> **Task description**: Your task is to retype, exactly and with nothing else, every line from the one containing "LÁMEN JIN RAMEN SPICY OTTOGI - 120G" to the end of the listing.

Start of Data block

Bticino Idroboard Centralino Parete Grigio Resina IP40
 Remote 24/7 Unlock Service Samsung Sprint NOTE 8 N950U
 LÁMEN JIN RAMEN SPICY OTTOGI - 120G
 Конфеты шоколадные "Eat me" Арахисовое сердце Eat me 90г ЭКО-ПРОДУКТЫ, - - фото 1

End of Data block

> **Task response**:
 LÁMEN JIN RAMEN SPICY OTTOGI - 120G
 Конфеты шоколадные "Eat me" Арахисовое сердце Eat me 90г ЭКО-ПРОДУКТЫ, - - фото 1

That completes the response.